New Umrah licensing rules raise concerns of monopoly and rising costs in Uzbekistan
The government of Uzbekistan has introduced stringent new requirements for Umrah pilgrimage licenses, mandating a $1 million reserve deposit for tourism agencies. The decision has sparked concerns among local tour operators who fear that the new conditions may lead to monopolization within the industry. Kun.uz discussed these changes and their implications with Sherzod Sami and Farhod Hashimov, prominent figures in Uzbekistan’s tourism sector.
License Conditions and the Fear of Monopoly
The announcement, made on October 12, 2024, includes several new regulations for companies facilitating Umrah pilgrimages. The Committee on Religious Affairs, the organization responsible for the new licensing guidelines, has imposed what some see as restrictive conditions, which has led to widespread apprehension among stakeholders. The primary concern voiced by industry experts is that the sector might revert to a monopolistic model, limiting options for citizens and stifling competition.
“Neighboring countries’ tour operators are pleased, as they may soon attract Uzbek pilgrims,” said Sherzod Sami, a tour company head. “Our Saudi partners were shocked by the $1 million deposit requirement. This condition might block many businesses from obtaining the necessary licenses.”
Sami also highlighted the problematic nature of recent government policies, suggesting that the Umrah industry is facing punitive measures due to a scandal in 2023, when 19,000 pilgrims were stranded in Saudi Arabia due to complications with Panorama Airways. This incident led to significant losses for travel agencies and was a contributing factor in the tightening of regulations.
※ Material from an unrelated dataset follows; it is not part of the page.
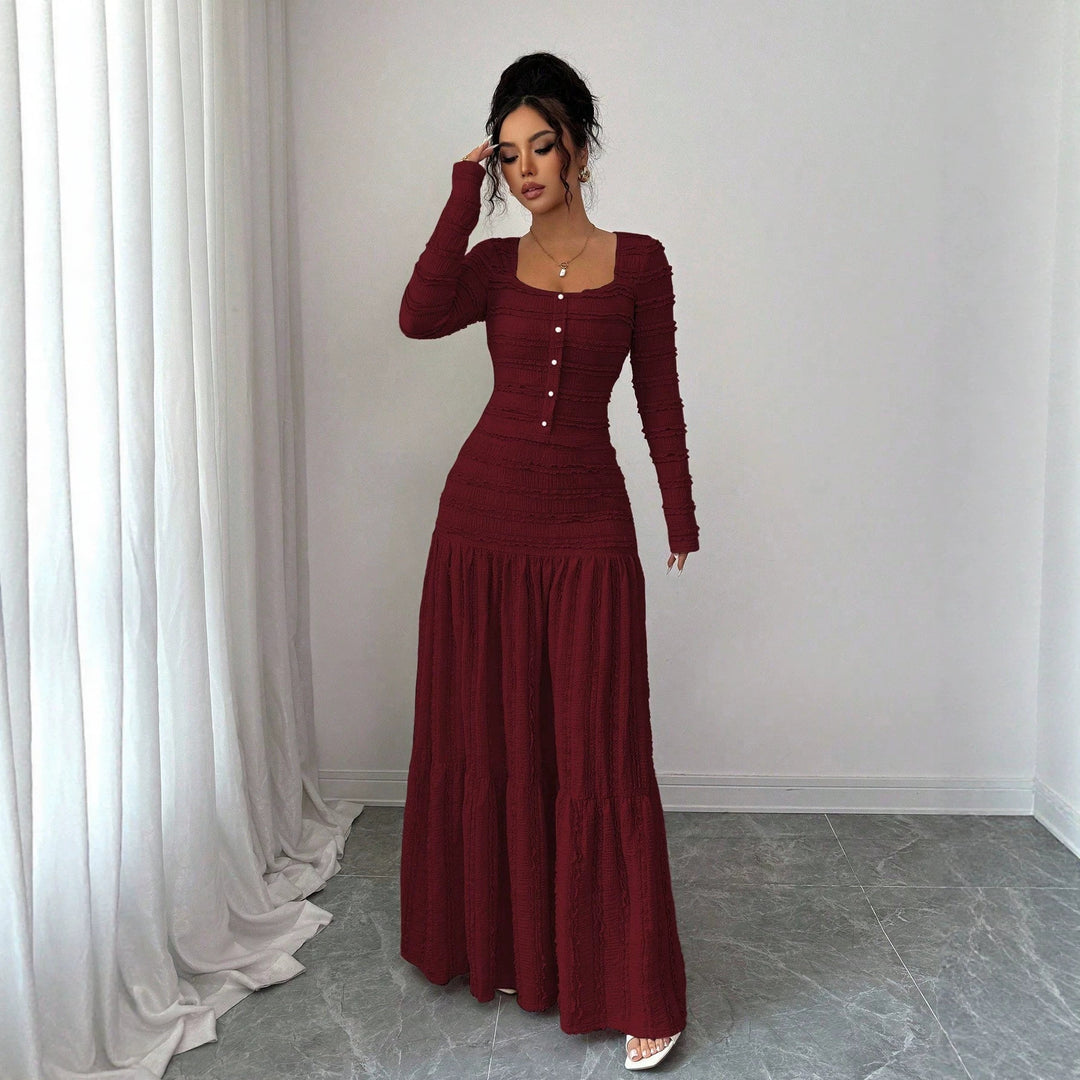 Damen Figurbetontes strukturiertes Maxikleid mit quadratischem Ausschnitt und Knopfleiste Shop Nory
Stringent Requirements and Potential Consequences
The government’s new guidelines stipulate that tour companies must provide three-star accommodations for pilgrims and pre-purchase round-trip flight tickets. While some operators see the value in these requirements, they worry about the added financial strain and increased consumer costs. Hashimov commented, “These requirements may prevent unlicensed agencies from operating, but they will raise expenses, which will inevitably be passed on to consumers.”
The licensing requirements also ban operators from providing services through third-party entities, potentially limiting route options for Uzbek pilgrims. “It seems that only direct flights to Saudi Arabia are now allowed, with resident airlines receiving preferential treatment,” said Sami, who voiced concerns that this regulation could hinder competition and lead to higher fares.
Operators also mentioned additional challenges, such as the mandate for only Umrah visas, which come with higher fees than tourist visas but provide fewer options. Sami suggested, “There needs to be flexibility, as even our Saudi counterparts feel these restrictions are overly stringent.”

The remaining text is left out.